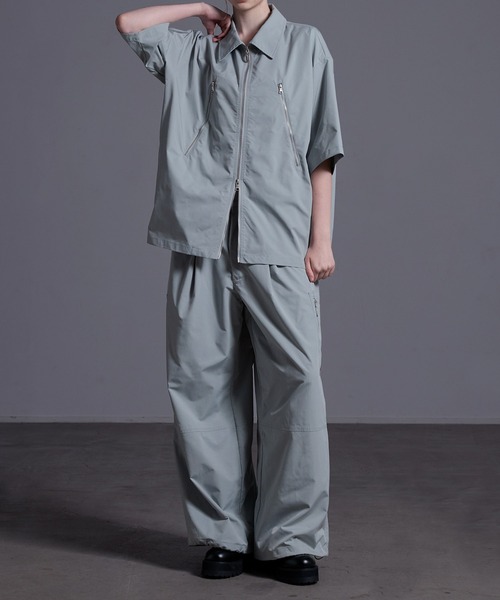 ジップデザイン ナイロンシャツジャケット（シャツ/ブラウス）｜Loose/ルース（ルース）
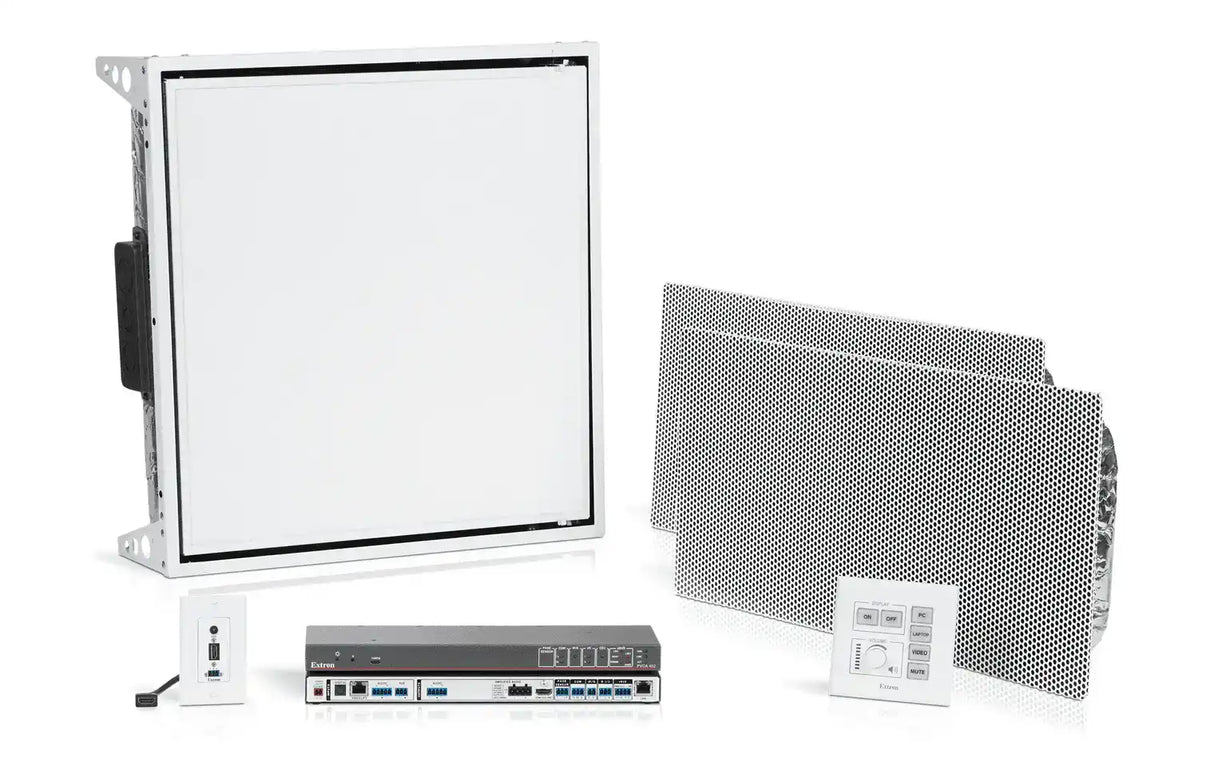 Extron PVDV 101 PlenumVault Direct View System 42-300-01 Microphones Extron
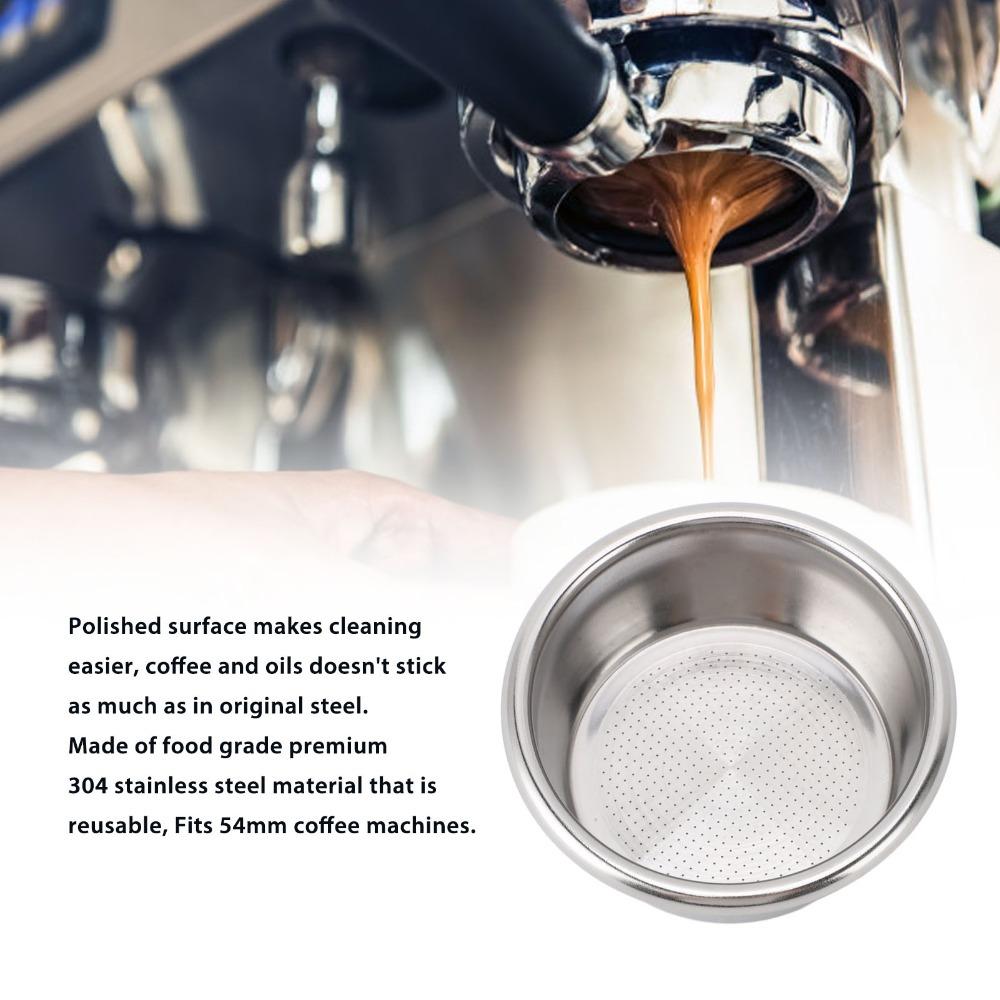 3pcs set 54MM Coffee Portafilter Basket Espresso Portafilter Basket  For Espresso Machines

=== Exercise requirements ===
Every line of the listing above is to be retyped exactly, but the pictures are to be dropped.

=== Written solution ===
 ジップデザイン ナイロンシャツジャケット（シャツ/ブラウス）｜Loose/ルース（ルース）
 Extron PVDV 101 PlenumVault Direct View System 42-300-01 Microphones Extron
 3pcs set 54MM Coffee Portafilter Basket Espresso Portafilter Basket  For Espresso Machines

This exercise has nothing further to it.